Früher vielfach genutzt, könnte Urin viel mehr dazu beitragen, Ressourcen zu sparen, die Umwelt zu schonen und den Ausstoß von Treibhausgasen zu reduzieren. Obendrein wäre es ein Milliardengeschäft.
Im antiken Rom hatte Kaiser Vespasian eine Steuer auf menschlichen Urin erhoben, weil die Menschen diesen großen Stils sammelten, um damit etwa Leder zu gerben oder Wäsche zu reinigen. Als Sohn Titus darüber die Nase rümpfte, sprach sein Vater den berühmten Satz: „Non olet“ – ins Deutsche übernommen als „Geld stinkt nicht“. Bei einer Weltbevölkerung von heute knapp acht Milliarden Menschen und entsprechend gigantischen Ausscheidungen erhält die Weisheit eine ganz neue Relevanz. Denn würden die gewaltigen Mengen menschlichen Urins industriell genutzt, könnten damit riesige Mengen an Ressourcen gespart, Land und Meer vor Verschmutzungen durch unkontrollierte Einleitung bewahrt und Treibhausgasemissionen verringert werden. Dies ist das Ergebnis neuer wissenschaftlicher Untersuchungen und Ansätze etwa in Schweden.
Düngemittel im Wert von zwölf Milliarden Euro jährlich
So könnten Gemeinden, wenn sie Urin systematisch abscheiden, ihre Treibhausgasemissionen je nach Technologie um bis zu 47 Prozent senken, ihren Energieverbrauch um bis zu 41 Prozent, den Süßwasserverbrauch um etwa 50 Prozent und die Nährstoffbelastung durch das Abwasser um bis zu 64 Prozent senken. Zudem könnten der Phosphor, das Kalium und der Stickstoff, die im Urin erhalten sind, nach erfolreicher Zurückgewinnung rund 13 Prozent des Düngermittelbedarfs ersetzen. Der Wert der Pflanzennährstoffe aus Pipi betrüge knapp zwölf Milliarden Euro pro Jahr.

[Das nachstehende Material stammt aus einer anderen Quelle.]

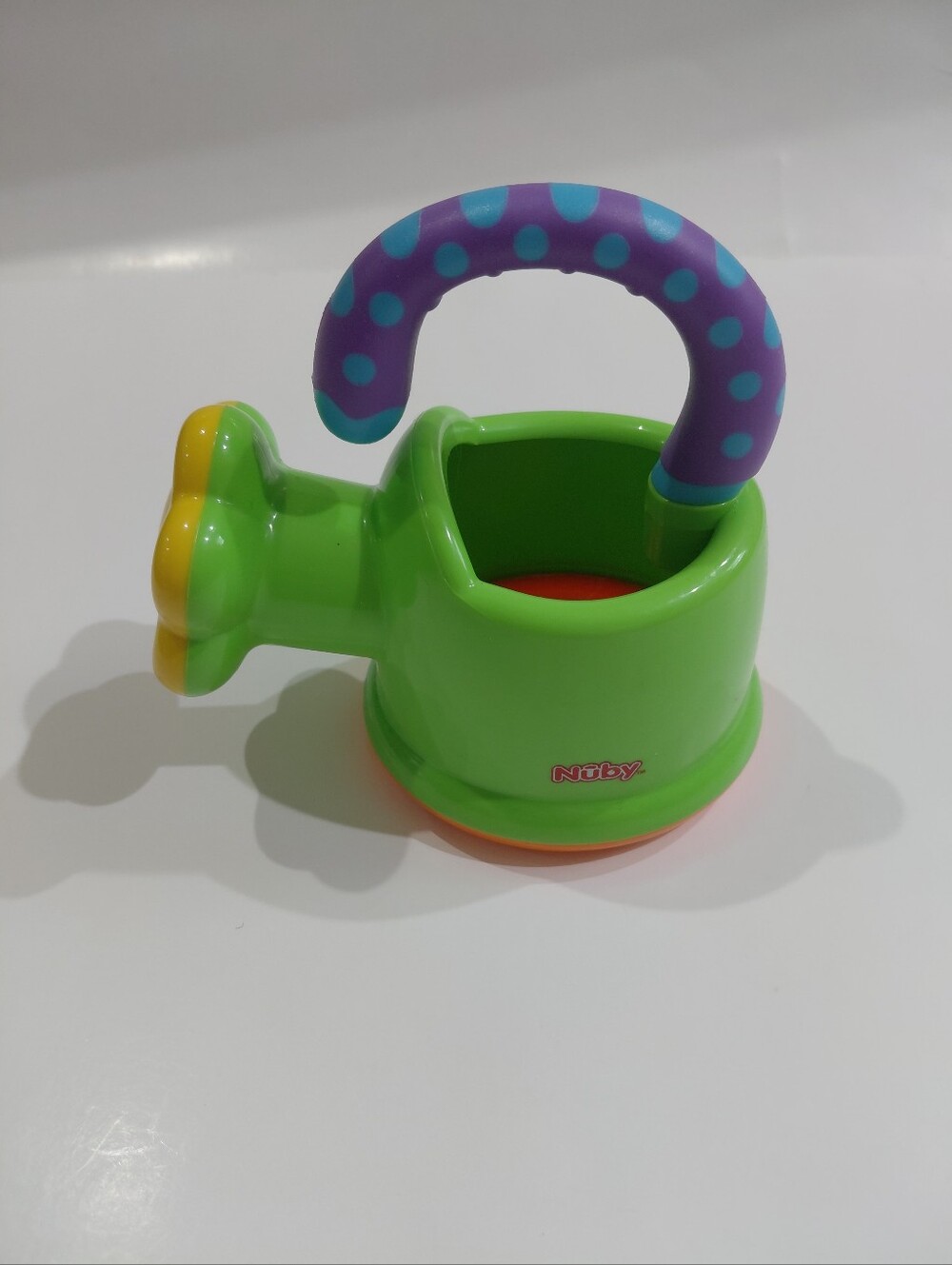 Nuby Green and Purple Toddler Handle Toy Watering Can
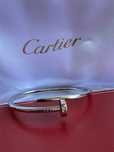 Brățară Cartier Cui 16 aur alb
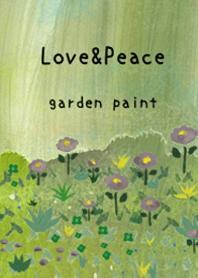 Oil painting art [garden paint 186]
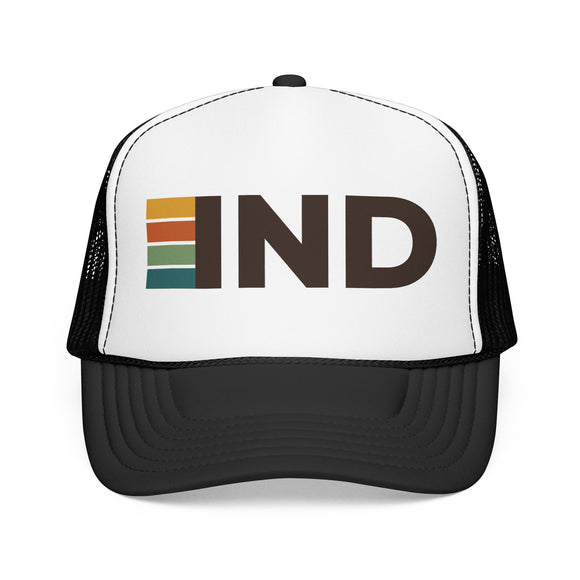 Indianapolis, Indiana Trucker Hat - IND Abbr retro cap
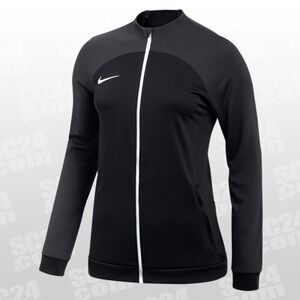 Nike Dri-FIT Women's Black Full Zip Athletic Jacket Slim Fit Small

Keine Vorbehalte in China und Frankreich
Um daraus ein neues Geschäft zu machen, müssten die Toiletten weltweit umgerüstet werden. Widerstand gegen die industrielle Nutzung von Urin dürfte von den etablierten Düngemittelherstellern kommen, die zur Klimaschädlichkeit der intensiven Landwirtschaft beitragen. Vorbehalte bei Verbrauchern gegen Gemüse, das indirekt mit Urin gedüngt wurde, sind indes nicht unbedingt zu erwarten. So lag die Bereitschaft zum Konsum solcher Pflanzen laut einer Umfrage im vergangenen Jahr zumindest in Ländern wie China und Frankreich bei fast 80 Prozent.